What Did the High Court Decide in Mabo (No 2)?
On 3 June 1992, the High Court delivered its 6–1 ruling. Justice Gerard Brennan authored the principal judgment, holding that terra nullius had never validly applied to Australia, that the Meriam people held native title to the Murray Islands by virtue of continuous connection under traditional law, and that native title is a form of title recognised by the common law where it has not been extinguished by valid Crown action. Justices William Deane and Mary Gaudron jointly described the dispossession of Aboriginal peoples as a national legacy of unutterable shame. The sole dissenter, Justice Daryl Dawson, argued that changes of such magnitude to property law were a matter for Parliament.

| Justice | Position | Key Contribution |
|---|---|---|
| Brennan J | Majority (lead) | Authored the principal judgment defining native title doctrine |
| Mason CJ & McHugh J | Majority | Agreed terra nullius was inapplicable; recognised native title |
| Deane & Gaudron JJ | Majority | Described dispossession as a national legacy of shame |
| Toohey J | Majority | Supported recognition of native title in common law |
| Dawson J | Dissent | Argued change should come from Parliament, not courts |
What Was the Legacy of the Mabo Decision?
The Mabo decision prompted Parliament to pass the Native Title Act 1993, which Prime Minister Paul Keating called the basis of a new relationship between Indigenous and non-Indigenous Australians.

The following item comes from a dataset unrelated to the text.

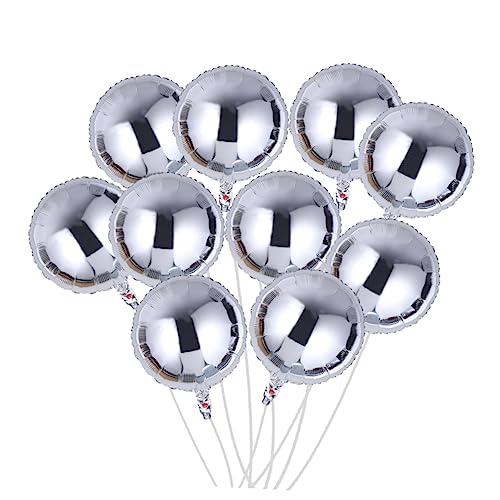 HEALSOPTHY 10 Stück Runde Silberne Aluminiumfolie Ballons Party Luftballons für Valentinstag Hochzeit und Dekoration Wiederverwendbar und Langlebig von HEALSOPTHY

By 2023, over 400 native title determinations had been made, covering roughly 40 percent of Australia's landmass. The date 3 June is now observed nationally as Mabo Day. Internationally, the decision influenced Indigenous land rights jurisprudence in Canada, New Zealand, and South Africa. Eddie Mabo was posthumously awarded the Human Rights Medal in 1992, and his image appeared on an Australian postage stamp in 1993.